Il road movie presenta una serie di regole e cliché da cui è difficile deviare, non è facile sfuggire al già visto e non provocare nello spettatore quella fastidiosa e tediosa sensazione di déjà-vu. Tour de France, pur rimanendo all’interno del genere di appartenenza, riesce ad evitarne alcune trappole insidiose attraverso un approccio genuino, sentito e diretto. Djaidani crede nella storia e nei personaggi che racconta, due persone all’apparenza lontanissime e diversissime tra loro – un giovane rapper parigino di origini magrebine ed un vecchio e scorbutico operaio in pensione con l’hobby per la pittura – ma che in fin dei conti rappresentano entrambi l’anello più debole, fragile e discriminato della società francese. Come spesso capita in questi casi la buona riuscita del film è da attribuire in buona parte all’alchimia che si è venuta a creare tra i due interpreti principali, il rapper egiziano Sadek e Gerard Depardieu. Bravissimo e sorprendente il primo, al suo esordio nel lungometraggio, nel tenere testa senza alcun timore reverenziale ad uno dei più grandi attori del cinema francese che, da parte sua, dimostra di essere ancora capace di interpretazioni intense e maiuscole quando si ritrova per le mani dei copioni interessanti e sfaccettati.

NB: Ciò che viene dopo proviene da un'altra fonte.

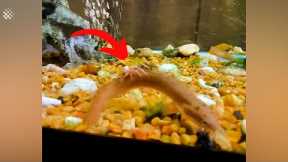 Spider falls into fish tank and has a wild adventure with the fish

In conferenza stampa Rachid Djaidani ha affermato che il suo rapporto col cinema assomiglia a quello che aveva con la boxe quando faceva il pugile, in entrambi i casi tiene sempre la guardia alta. Non si considera un regista integrato nel sistema dal momento che il cinema francese di solito racconta e rappresenta una certa élite e pertanto non è interessato ad affrontare problematiche e diseguaglianze sociali. Ritrovarsi a dirigere un attore di prima grandezza come Depardieu è stato incredibile, sul set era facile far partire le riprese ma molto difficile interromperle perché veniva travolto a livello emozionale dalla sua performance.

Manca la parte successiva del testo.